Foram notáveis os líderes políticos que iniciaram o processo, mas o atual Brexit do Reino Unido faz recordar com intensidade que o passado exige atenção, e que neste caso o projeto político pode reencontrar as objeções que impuseram procurar a coincidência entre identidade e dimensão e forma da governança. A ativa visão de De Gaulle em relação ao Reino Unido, fiel à Cruz de Lorena que Churchill considerou um dos pesos que suportou durante a guerra, não pode deixar de ser lembrada vista a longa e dolorosa negociação para o Brexit, e agora com visão insegura quanto à unidade futura do próprio Reino Unido, e quanto à definição futura das normas de convívio.

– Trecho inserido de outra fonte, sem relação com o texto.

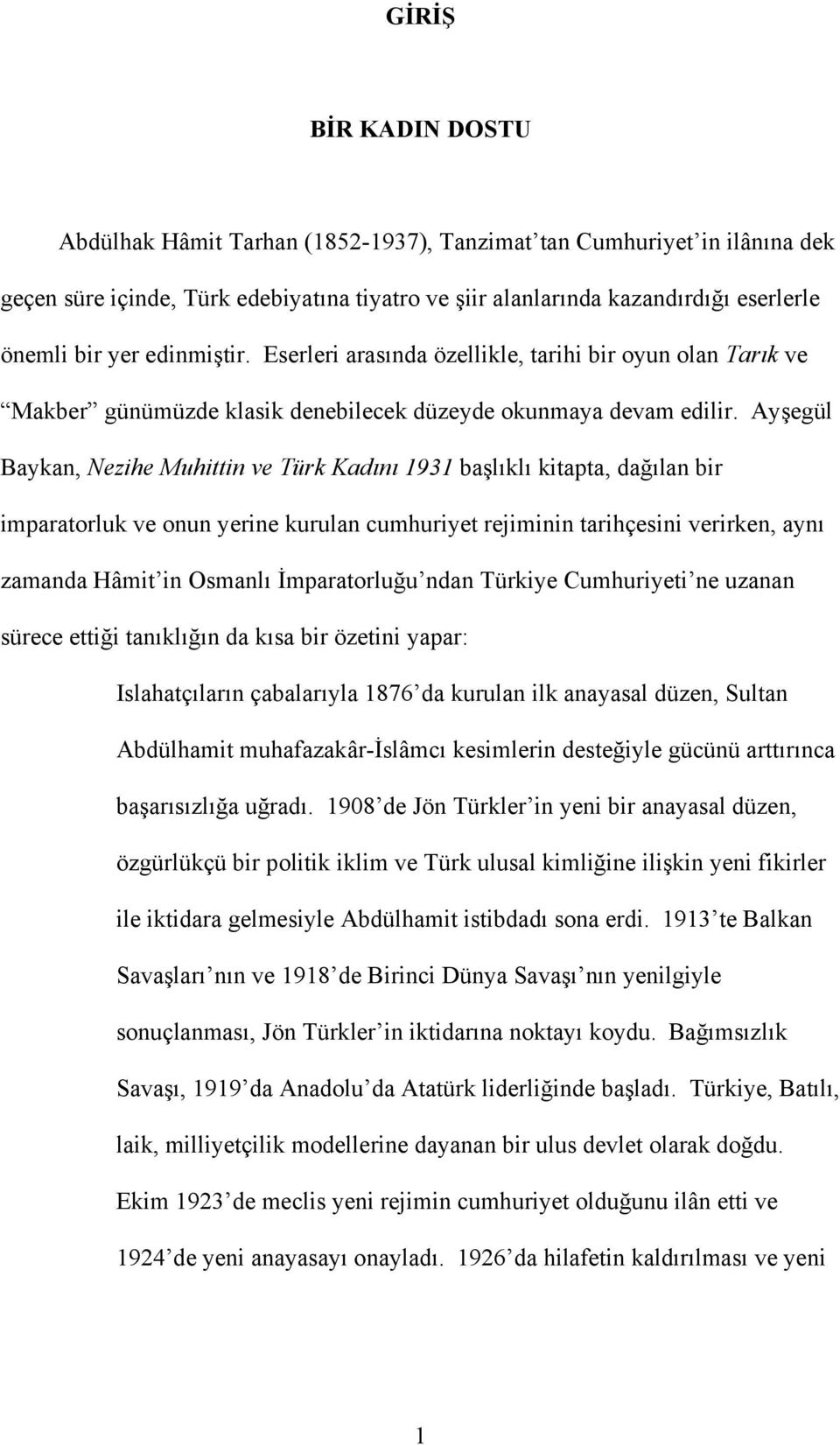 Ayşegül Baykan, Nezihe Muhittin ve Türk Kadını 1931 başlıklı kitapta, dağılan bir imparatorluk ve onun yerine kurulan cumhuriyet rejiminin tarihçesini verirken, aynı zamanda Hâmit in Osmanlı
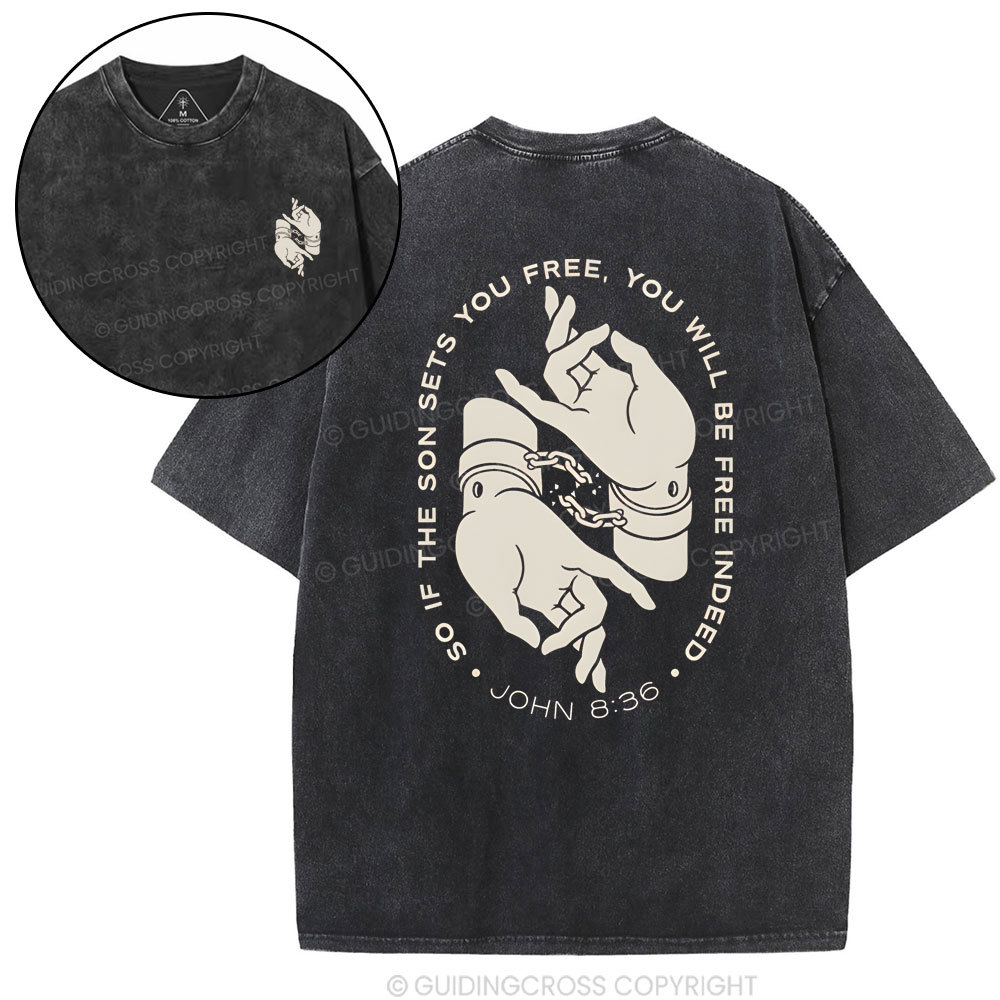 So If The Sun Sets You Free Christian Washed T-Shirt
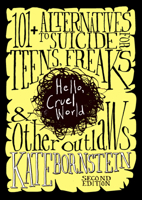 Hello, Cruel World: 121 Alternatives to Suicide for Teens, Freaks, and Other Outlaws 1644214431 Book Cover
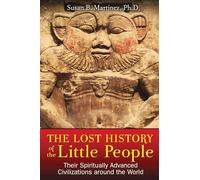 The Lost History of the Little People: Their Spiritually Advanced Civilizations around the World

A firmeza da União perante a confusão política do Reino Unido parece oferecer segurança europeia quanto à necessária metodologia da cooperação, numa circunstância em que nenhum Estado pode responder unilateralmente aos desafios atuais, incluindo os ambientais. Este multilateralismo está no tratado por que se rege, em que o artigo 21 define como objetivo "procurar um sistema internacional fundado sobre uma cooperação multilateral reforçada e uma boa governança mundial".
E quanto à paz e segurança, Federica Mogherini, alta-representante da União para os Negócios Estrangeiros e Política de Segurança, declarou recentemente: "Encorajamos uma governança mundial renovada, que esteja à altura de responder aos desafios do século XXI". Não se trata da ambição antiga de "ser a luz do mundo", mas de ter uma intervenção prestante e honrosa na referida governança. É evidente que esta, como foi já caracterizada, continua "heterogénica, multipolar e complexa", dominada pelo enfrentamento entre os EUA e a China, com a solidariedade atlântica enfraquecida, sobretudo pela impossível racionalização da atual presidência do primeiro. E por isso aparece como um risco para os propósitos da União, que se vê obrigada a praticar que a porta de saída é mais difícil de transpor do que a porta de entrada, verificando que os factos parecem acompanhar mais a memória gaullista do que as exigências da circunstância tão exigente de solidariedades, que coloquem a cooperação acima do unilateralismo.
Entretanto a evidente crise de identidade dos partidos fundadores da União, a multiplicação das formações embrionárias sem expressão, e sobretudo a dimensão das abstenções do eleitorado europeu, alertam para o desastre da relação entre a cidadania ativa europeia e a estrutura governativa, que parece afetada pelo tédio. Uma doença que exige uma rápida intervenção de vozes que sejam tão mobilizadoras como foram as dos fundadores. Sobretudo porque o tédio tem o efeito de contribuir para o crescente abandono pelo multilateralismo, quando os factos tornam evidente que não é fácil encontrar um Estado que possa responder isolado às agressões do ambiente.
É difícil que a ONU possa definir o que resta do multilateralismo, mas entretanto não é o tédio que consegue efeitos pacificadores, é a exigência da capacidade de repor o multilateralismo que evitará o próprio risco da violação da paz. A União Europeia, finda a prática da rutura amigável do Brexit, não evitará ter presente que as críticas admitem que "os ventos mais favoráveis são para os Donald Trump, Matteo Salvini ou Boris Johnson".